(Brief descriptive captions)
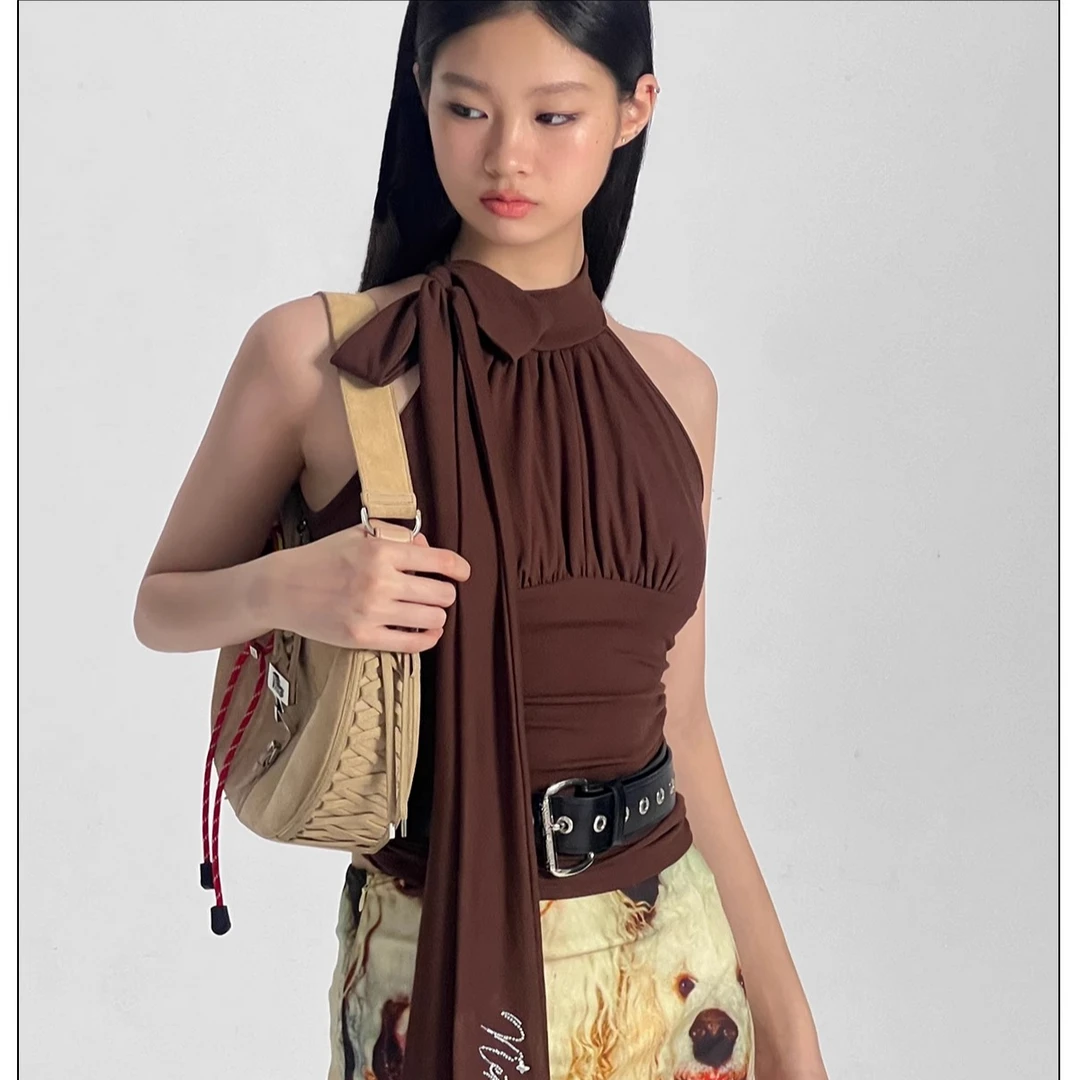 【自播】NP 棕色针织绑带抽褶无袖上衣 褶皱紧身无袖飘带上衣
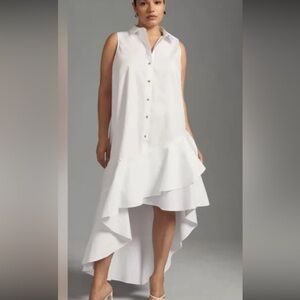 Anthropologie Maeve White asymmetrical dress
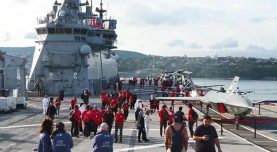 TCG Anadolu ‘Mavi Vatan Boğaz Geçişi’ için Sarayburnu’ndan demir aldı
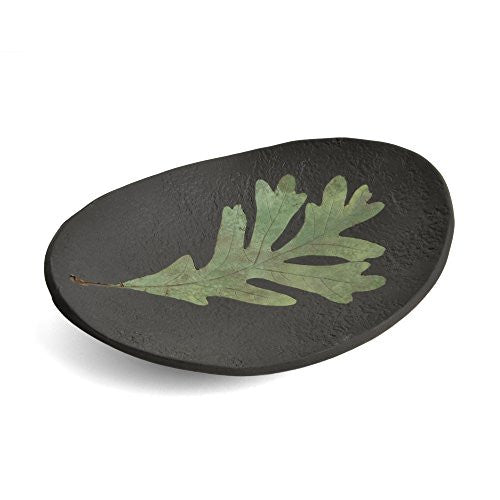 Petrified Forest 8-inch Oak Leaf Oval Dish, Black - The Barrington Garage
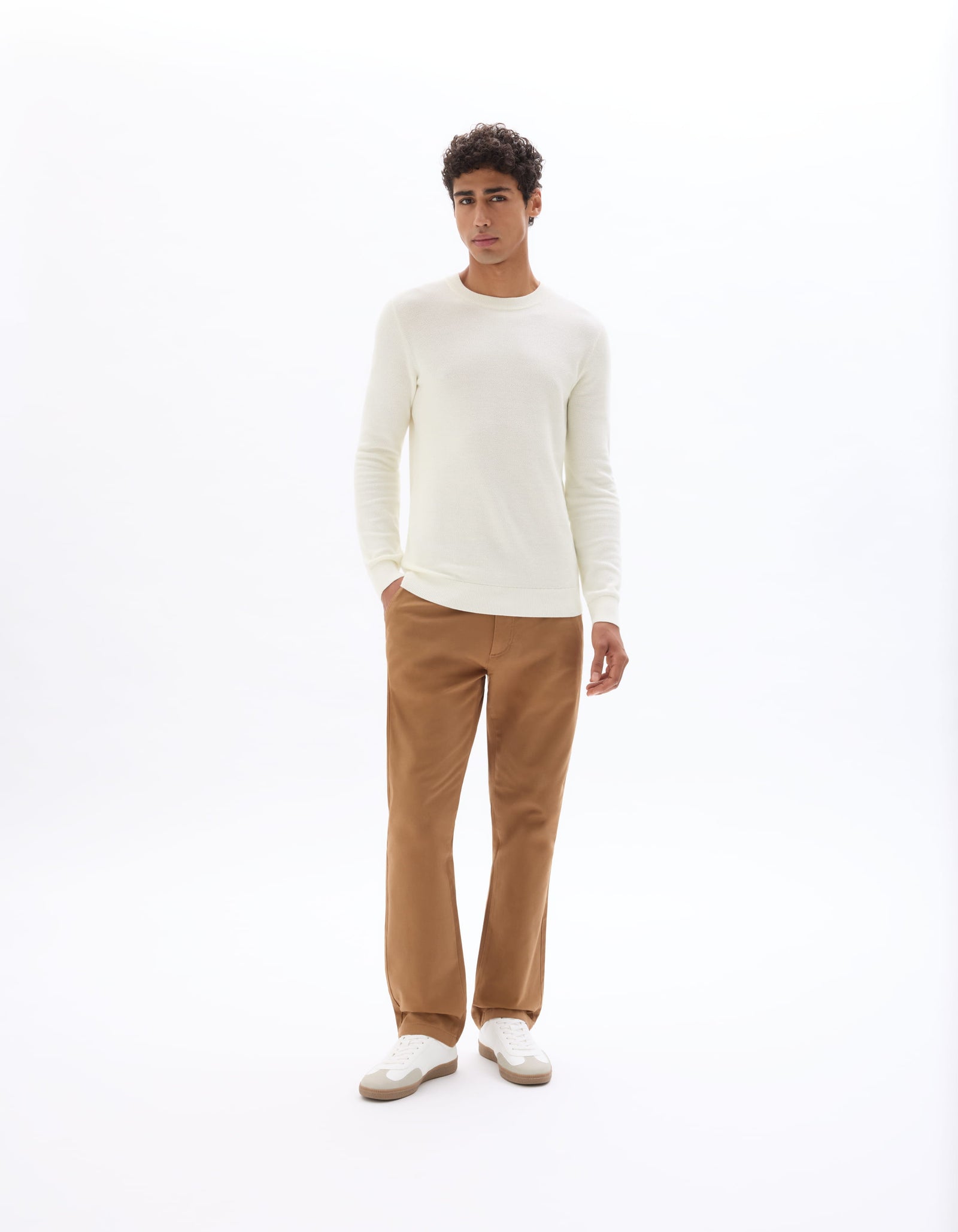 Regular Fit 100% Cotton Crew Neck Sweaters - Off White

* Exercise: Only the lines from the one holding "Anthropologie Maeve White asymmetrical dress" to the last line of the entries above should be printed, exactly as they appear and with no pictures.

* Answer to the exercise:
 Anthropologie Maeve White asymmetrical dress
 TCG Anadolu ‘Mavi Vatan Boğaz Geçişi’ için Sarayburnu’ndan demir aldı
 Petrified Forest 8-inch Oak Leaf Oval Dish, Black - The Barrington Garage
 Regular Fit 100% Cotton Crew Neck Sweaters - Off White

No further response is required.